▶ **Data to use**:
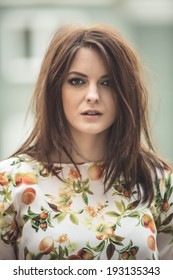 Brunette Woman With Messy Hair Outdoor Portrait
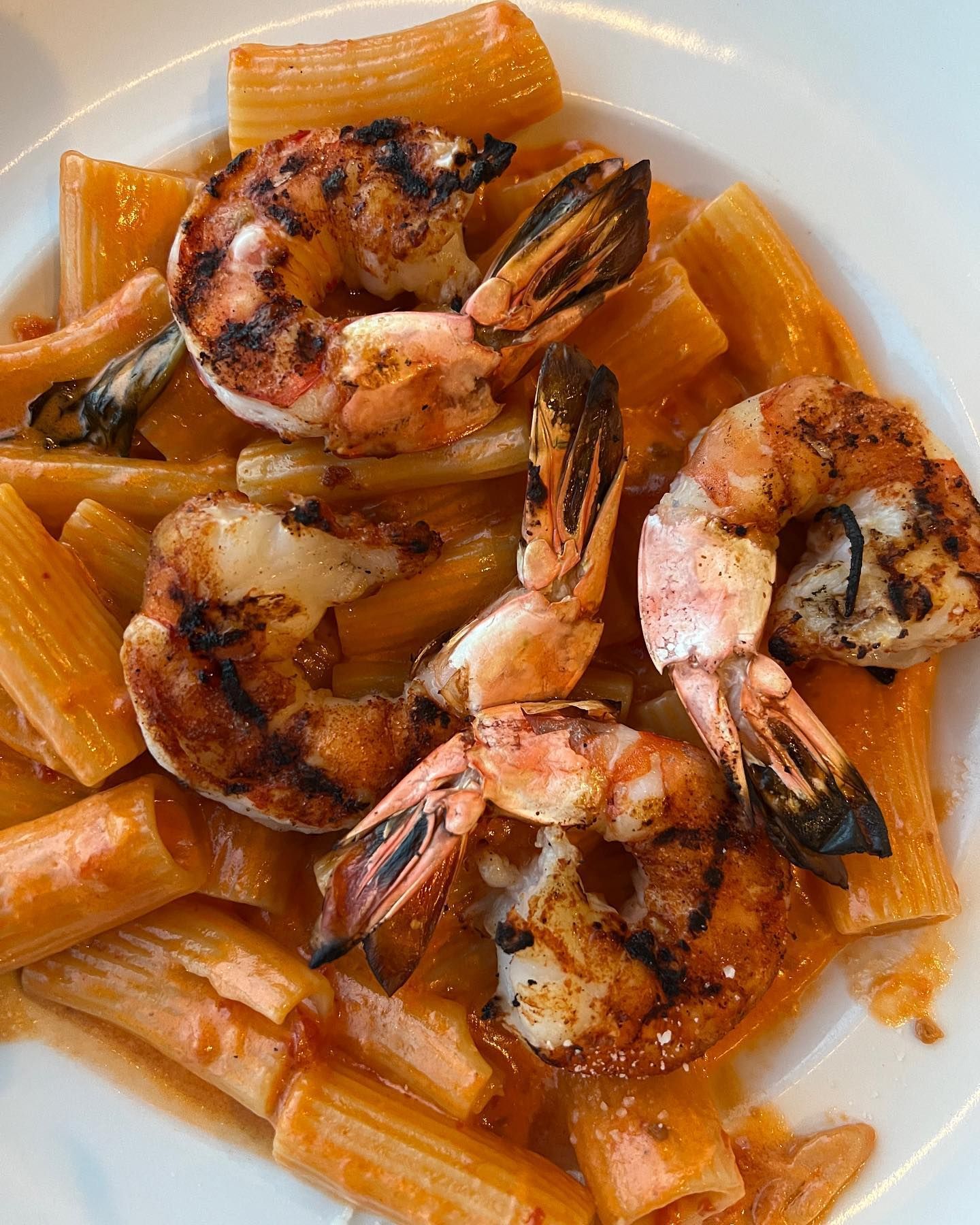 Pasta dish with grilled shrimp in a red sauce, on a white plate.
==
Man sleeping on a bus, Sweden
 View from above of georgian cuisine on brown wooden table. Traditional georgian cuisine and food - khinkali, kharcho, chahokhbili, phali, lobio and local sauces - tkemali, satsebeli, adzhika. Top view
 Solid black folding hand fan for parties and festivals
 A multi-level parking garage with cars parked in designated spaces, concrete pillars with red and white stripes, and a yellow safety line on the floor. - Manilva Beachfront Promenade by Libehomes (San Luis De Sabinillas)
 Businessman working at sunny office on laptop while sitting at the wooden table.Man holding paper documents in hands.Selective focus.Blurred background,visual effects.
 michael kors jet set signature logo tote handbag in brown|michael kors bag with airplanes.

▶ **Work to be completed**:
Going through the listing above, please work out how many lines contain the word "table", and give the number alone.

▶ **Exercise solution**:
2